━━ Data excerpts ━━
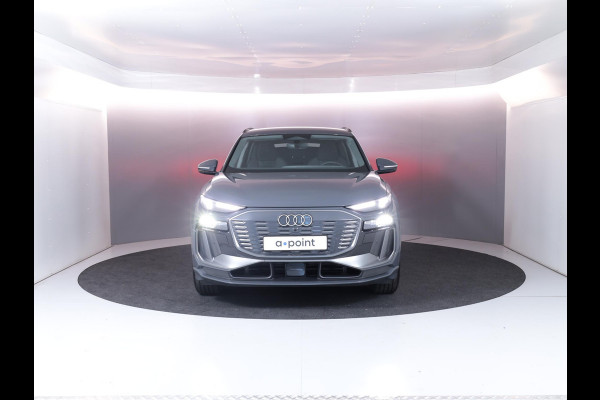 Audi Q6 e-tron Advanced edition perf 306pk 100Kwh | Tech plus | Sportstoel zwart leder-kunstl | Volledig in carrosseriekleur | Omgevingscamera's |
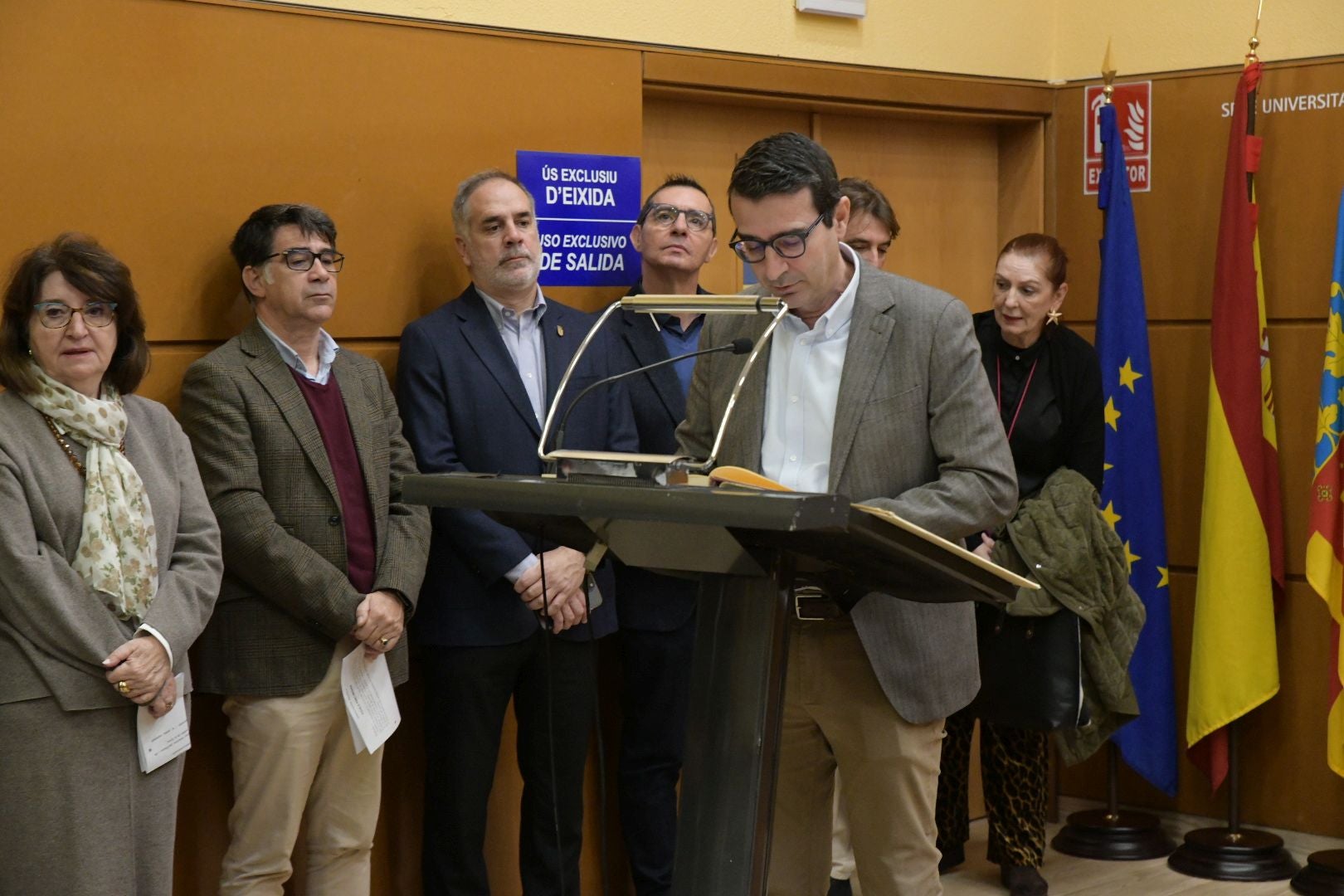 Alicante celebra el Día de la Constitución con una masiva lectura pública en la Sede Universitaria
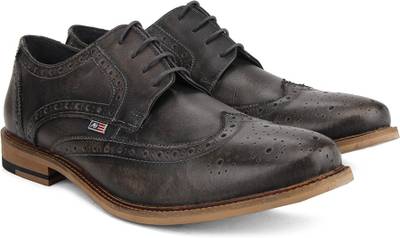 Arrow Lace up Shoes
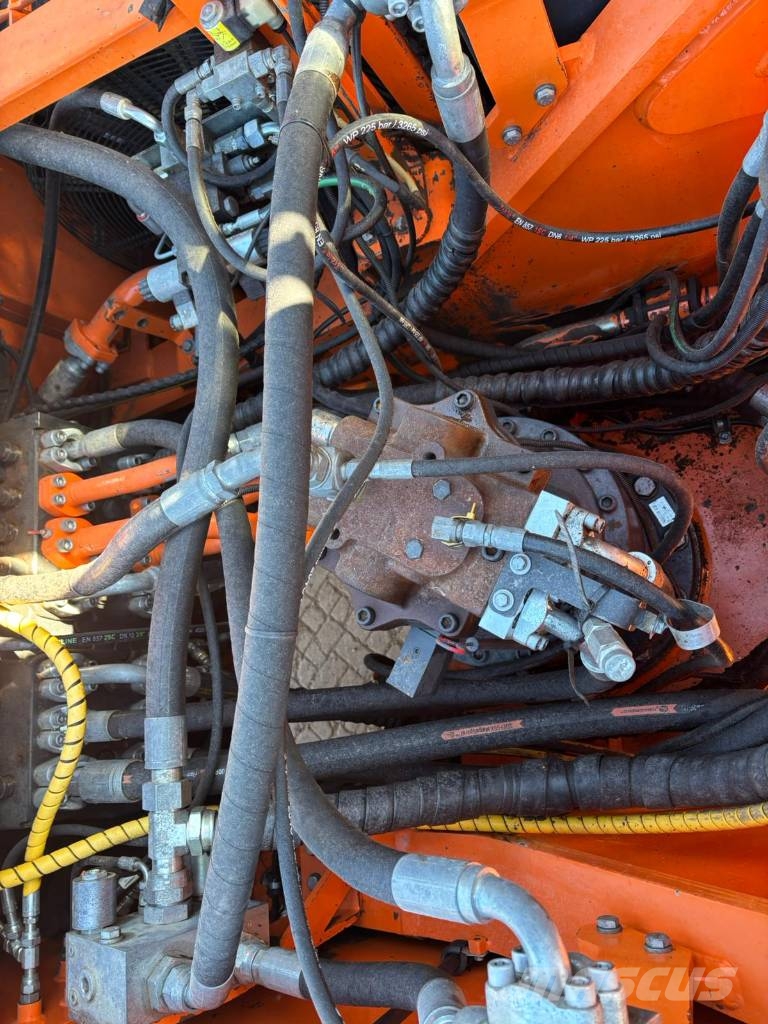 Doosan DX 380 LC-3 Excavatoare pe șenile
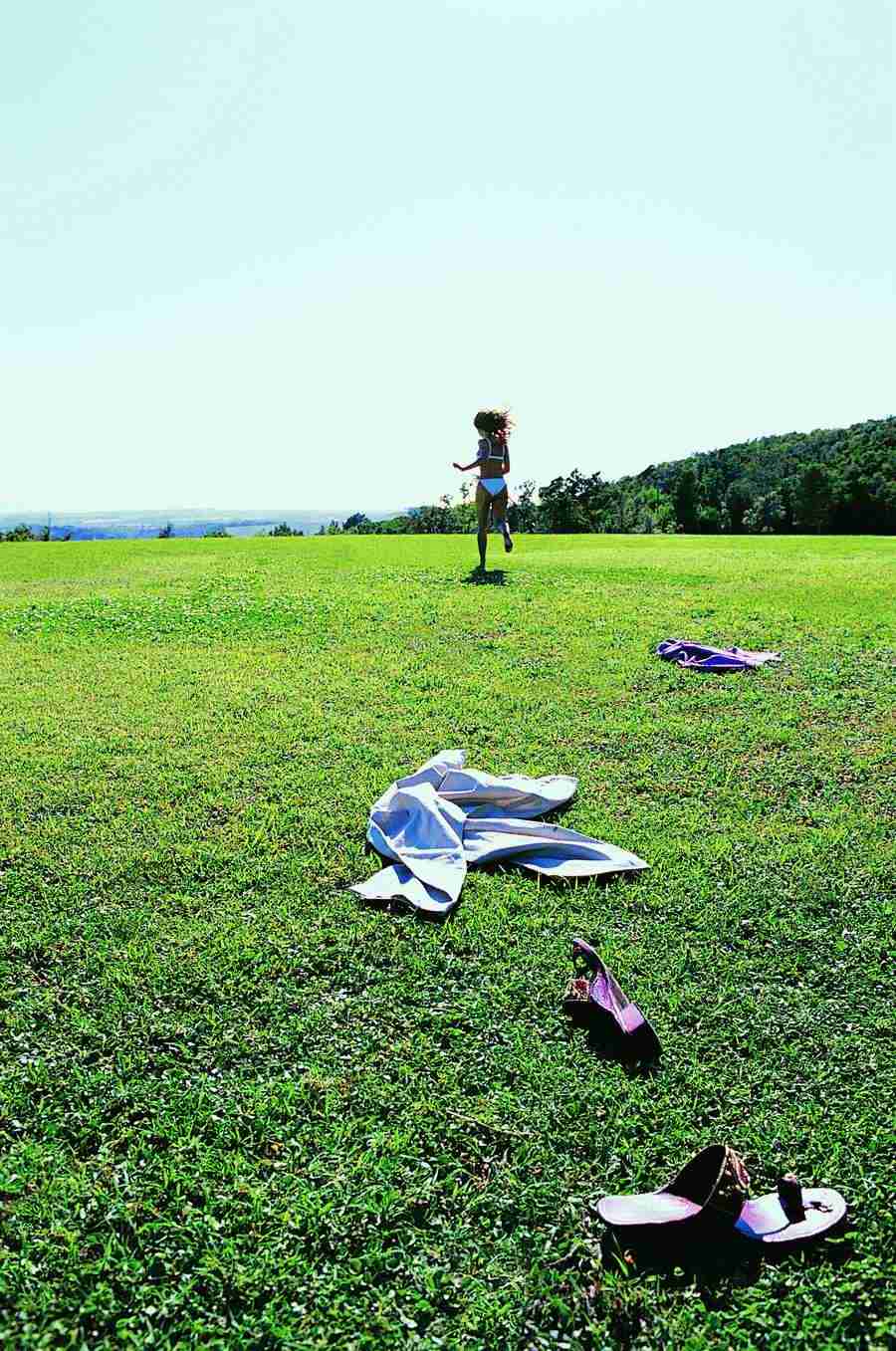 Movers and Shakers - Digital Vision ></a>
<script language=JavaScript> 
  var txt = 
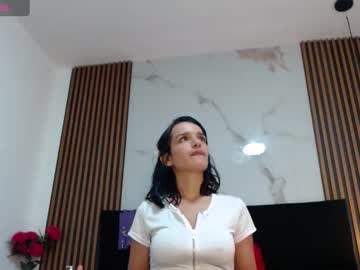 Annyrosee Chaturbate stream image from January 31, 2025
━━━
Without including the pictures, reproduce all entries exactly.

**Answer for the task:**
 Audi Q6 e-tron Advanced edition perf 306pk 100Kwh | Tech plus | Sportstoel zwart leder-kunstl | Volledig in carrosseriekleur | Omgevingscamera's |
 Alicante celebra el Día de la Constitución con una masiva lectura pública en la Sede Universitaria
 Arrow Lace up Shoes
 Doosan DX 380 LC-3 Excavatoare pe șenile
 Movers and Shakers - Digital Vision ></a>
<script language=JavaScript> 
  var txt = 
 Annyrosee Chaturbate stream image from January 31, 2025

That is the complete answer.